Ils sont étonnés de voir une femme au volant, inspectent d'un œil anxieux l'intérieur de la voiture, disent attendre une livraison de frigidaires». Tout y est dit ou presque. Mais les lecteurs du livre trouveront d'autres passages foudroyants sur la «décennie rouge», l'assassinat de Boudiaf, l'effroi du fanatisme religieux, les amitiés qui se dérobent dans l'infidélité et la compromission, l'effritement de la magnifique solidarité des années de la révolution…
Sur les années Bouteflika, qui ferment l'autobiographie, on apprend qu'au lieu de la concorde civile et de la réconciliation nationale, les Chaulet auraient souhaité une opération «vérité et justice» à l'exemple des Sud-Africains. «On peut comprendre, disent-ils, le désir de paix et d'oubli d'un passé horrible de la part d'une population traumatisée, mais l'étape de la reconnaissance des faits, celle de la reconnaissance des erreurs et des crimes, ne peuvent êtres escamotées si l'on veut assainir la vie sociale et rendre possible le vivre-ensemble.»
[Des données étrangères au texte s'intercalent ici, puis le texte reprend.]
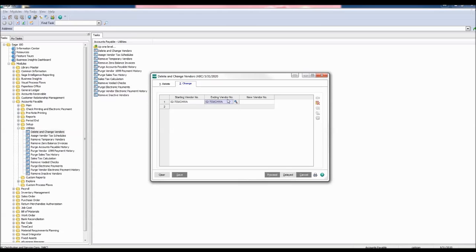You may also select a range of vendors to change as well. Enter a new vendor number to renumber the selected vendor.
Le ton final est sévère mais jamais résigné. «Nous avions perdu une grande partie de nos repères», dit Claudine. Mais, «nous espérons que note histoire contribuera à aider les jeunes à se construire (…) à se forger de leur pays une vision moderne ouverte, celle des hommes et des femmes qui se sont lancés dans la lutte de libération, une vision débarrassée de tout simplisme ou manichéismes réducteurs». «L'essentiel, disent-ils, c'est de continuer à replacer le pays dans la perspective de l'Histoire». C'est le moins qu'on puisse espérer en cette période de doute et d'incertitude.
*Pierre & Claudine Chaulet
Le choix de l'Algérie Deux voix, une mémoire Préface de Réda Malek Editions Barzakh 2012, 900 dinars.